Task data Start Marker

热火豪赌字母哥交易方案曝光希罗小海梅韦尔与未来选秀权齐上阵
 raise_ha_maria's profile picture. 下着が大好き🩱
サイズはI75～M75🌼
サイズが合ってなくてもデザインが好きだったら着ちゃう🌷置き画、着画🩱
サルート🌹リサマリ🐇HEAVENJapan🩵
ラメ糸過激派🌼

Task data End Marker

--- What to produce ---
Set every record down again exactly as written.

--- Response ---
热火豪赌字母哥交易方案曝光希罗小海梅韦尔与未来选秀权齐上阵
 raise_ha_maria's profile picture. 下着が大好き🩱
サイズはI75～M75🌼
サイズが合ってなくてもデザインが好きだったら着ちゃう🌷置き画、着画🩱
サルート🌹リサマリ🐇HEAVENJapan🩵
ラメ糸過激派🌼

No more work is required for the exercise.